Could you please repeat the entries below word for word, with the images left out?

Pictures with short captions:
======
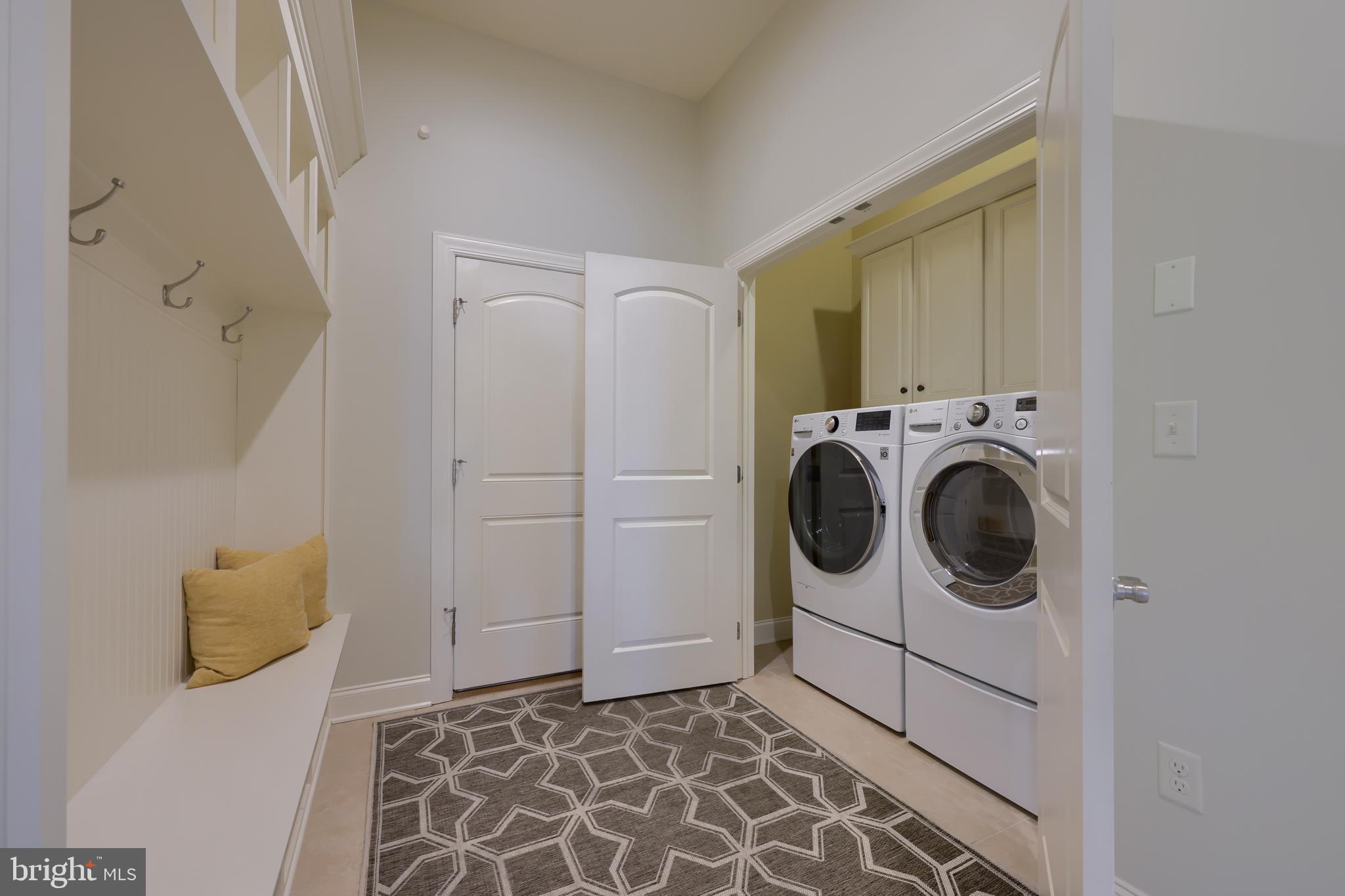 STONEHENGE RESERVE - Residential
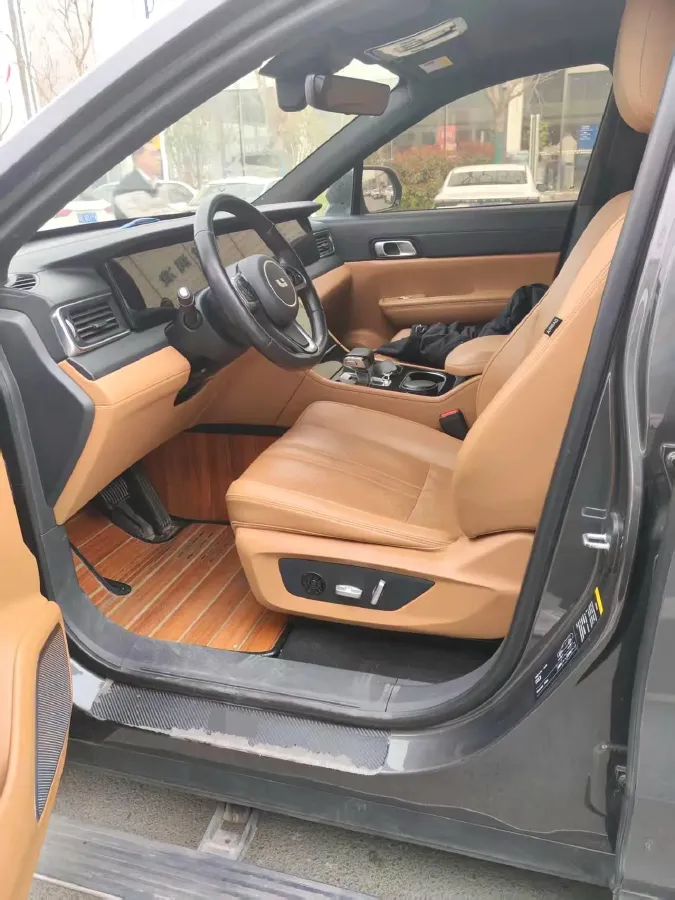 2020 Li ONE Range Extended 131HP REEV 40.5KWH,autocango,china used car exporter,china ev exporter,chinese used car exporter,chinese used ev exporter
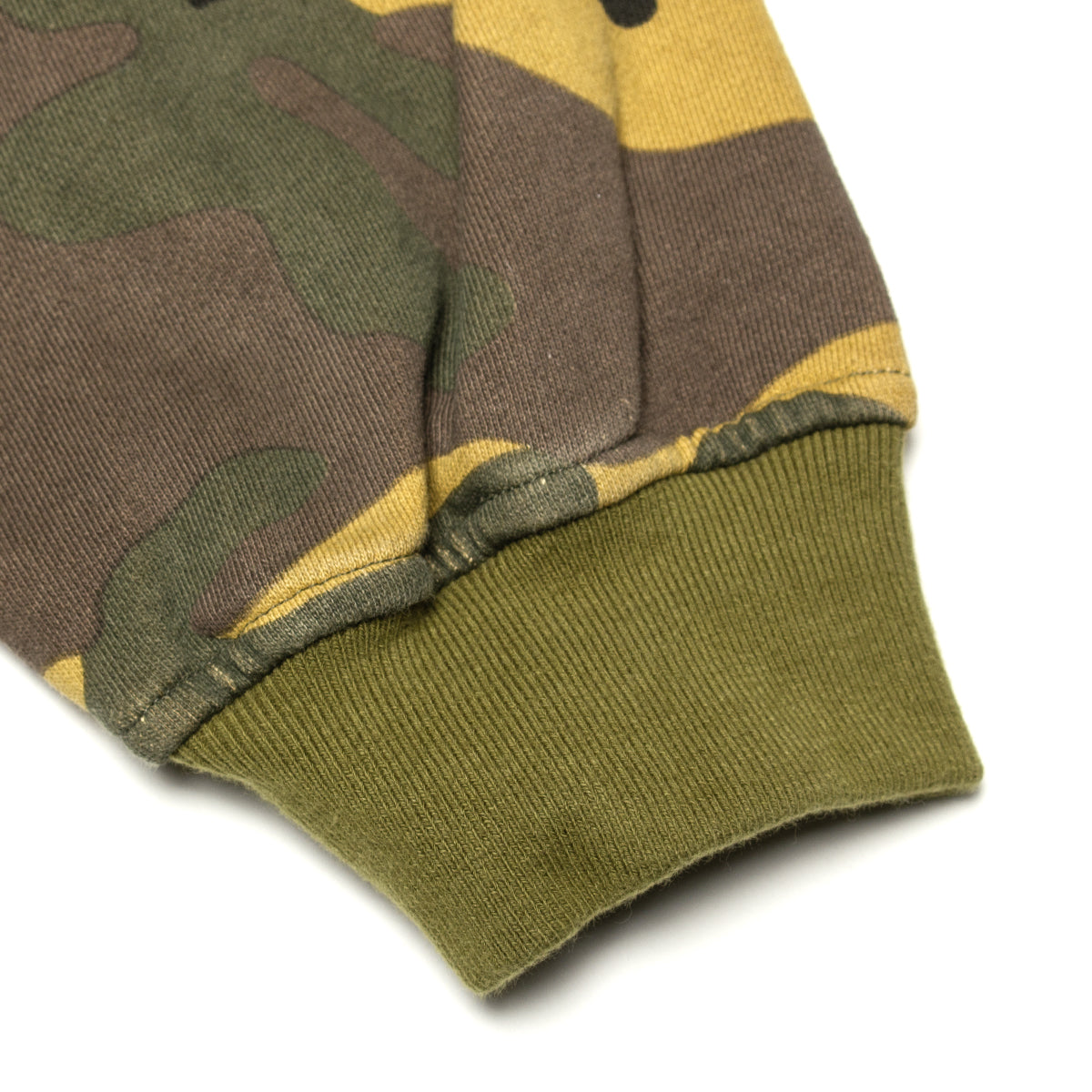 Carpet Company - C-Star Double Zip Hoodie
Color : Camo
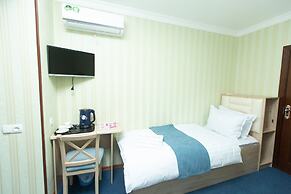 MIRZO Boutique Hotel
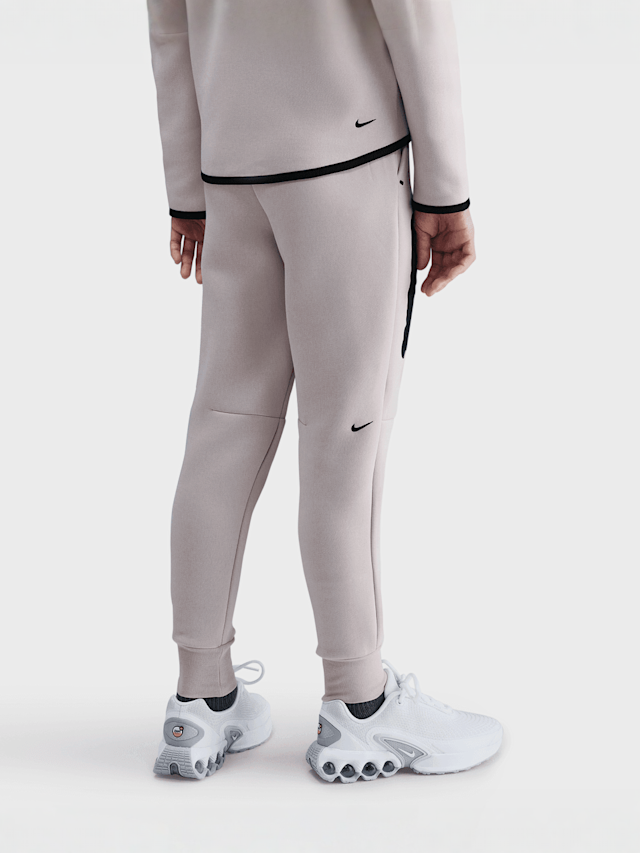 Nike, Sportswear Tech Fleece, beige, Image 2 of 6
======
**Written solution**
 STONEHENGE RESERVE - Residential
 2020 Li ONE Range Extended 131HP REEV 40.5KWH,autocango,china used car exporter,china ev exporter,chinese used car exporter,chinese used ev exporter
 Carpet Company - C-Star Double Zip Hoodie
Color : Camo
 MIRZO Boutique Hotel
 Nike, Sportswear Tech Fleece, beige, Image 2 of 6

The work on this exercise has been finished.